122 Comments to “Basic OCR in OpenCV”
Leave a Reply









You can replace four lines by one:
———————————-
if(j<10)
sprintf(file,”%s%d/%d0%d.pbm”,file_path, i, i , j);
else
sprintf(file,”%s%d/%d%d.pbm”,file_path, i, i , j);
———————————-
sprintf(file,”%s%d/%d%02d.pbm”,file_path, i, i , j);
———————————-
This is basic C know-how
Thanks Tönu XD
Hello damiles,
you are a good teacher for my favorite computer vision library
I am looking for a segmentation solution in opencv esp. for handwritten letters (described in http://yann.lecun.com/exdb/publis/#lecun-98 – e.g. Heuristic Over Segmentation). As I still am a beginner with c/c++ and also not very familiar with complex mathematical formulars, I’d like to know, if you know about any code example with this method – or if you could give some helpfull hints/starting points.
Any help would be great!
Thank you,
Qazi
Hey,
Thanks for your article.
However, I’m quite disappointed with this very line :
cvCopy(row1, &row, NULL);
which basically means that you train the classifier with the *hole image*.
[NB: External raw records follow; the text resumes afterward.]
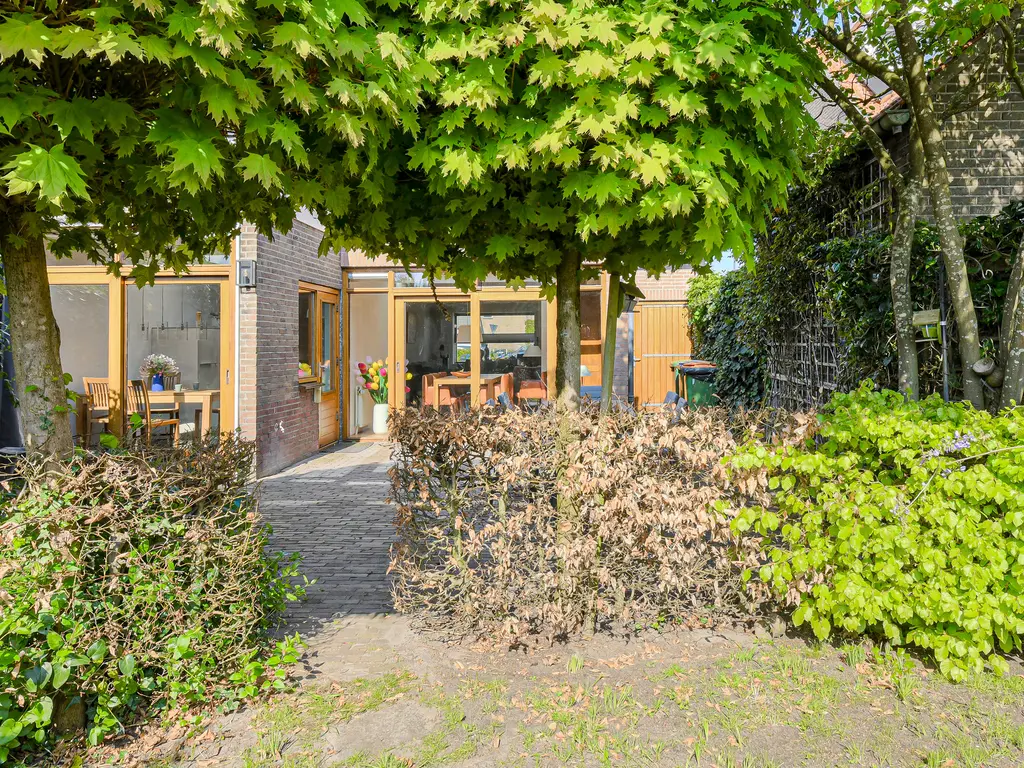 Schijfstraat 50, TETERINGEN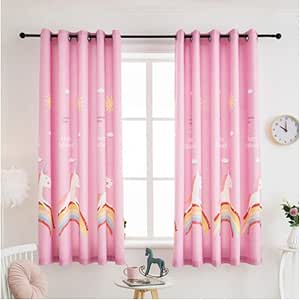 yug Cortina Sombreado Decoración Dormitorio Dormitorio Alquiler Ventana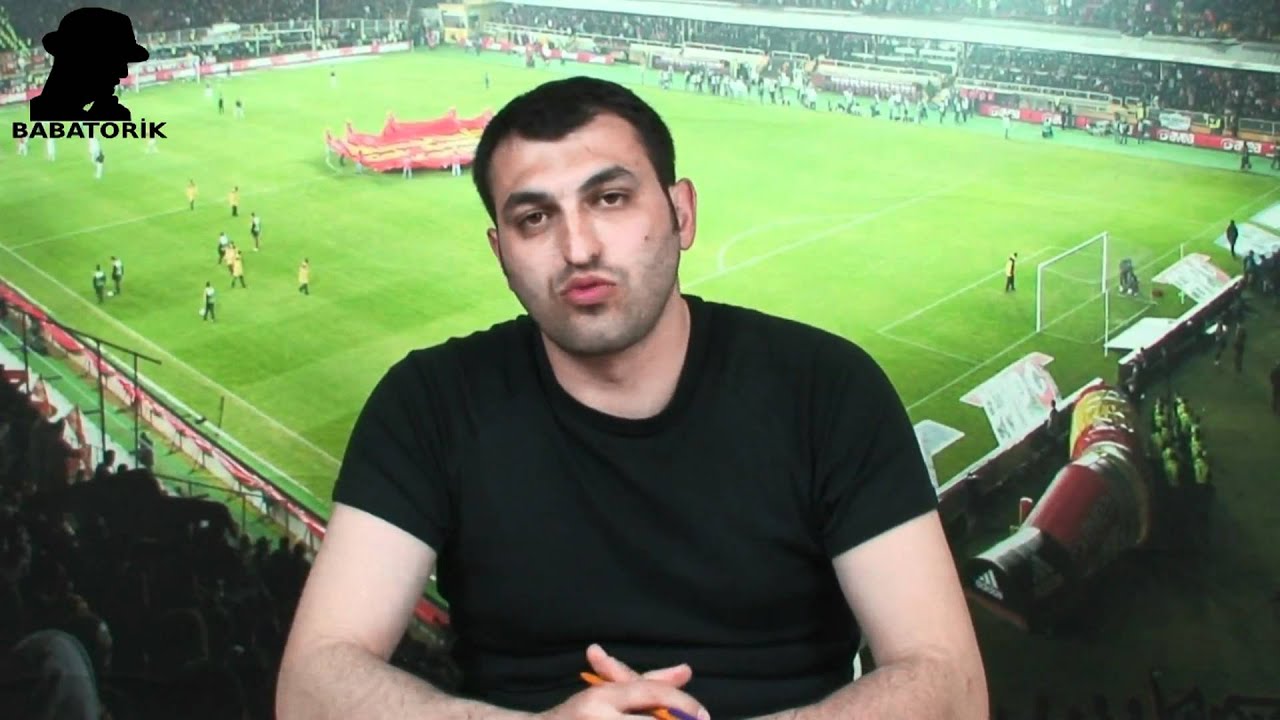 Babatorik Sivasspor Fenerbahce 22 Mayis 2011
How long did the knn classifier take for those 50 samples of 40² pixels ?
More importantly : which “high level” criterion would you recommend (area, spline contour parameters, moments…) ?
thanks!
Arnaud, you are the first who analize the code and give me good questions, and doubts or disagree, THANKS!!
First, for train classifier i use all image pixels, I know it’s no the best criterion to use, but i use it for explain the basic of pattern recognition in ocr.
Then in cvCopy(row1, &row, NULL); i copy all pixels of each image in a row for clasifiy, first i get a row of my matrix for training “trainData”
cvGetRow(trainData, &row, i*train_samples + j);
then when i have the pixels in a array (row1) copy it in a row, a pointer of traindata row.
cvCopy(row1, &row, NULL);
For knn classifier i take 40² samples. The 50 number i think you extract from function void basicOCR::test() in line 10 “for( j = 50;…” , in this fucntion i classify 50 random numbers to get a error, this function is only statistic of my classifier, where i can test the knn with 50 random numbers and get the error obtained.
And of course, the more important, the criterion, i recomended other criterion, no pixels, contour or moments, for select criterion for this case you must test all, moments, pixels, spline, area, eigvals… and select the best, and test diferents size of image and all sets you can think.
I expect respond all your questions. I’m not a expert.
Regards, David.
Hi
first of all thanks for this wonderful tutorial.
I am doing a project that needs to extract a string of numbers from an image. I can get an image where it only contains numbers.
My problem is how can i segment the image so i can get each number and test it against the sample?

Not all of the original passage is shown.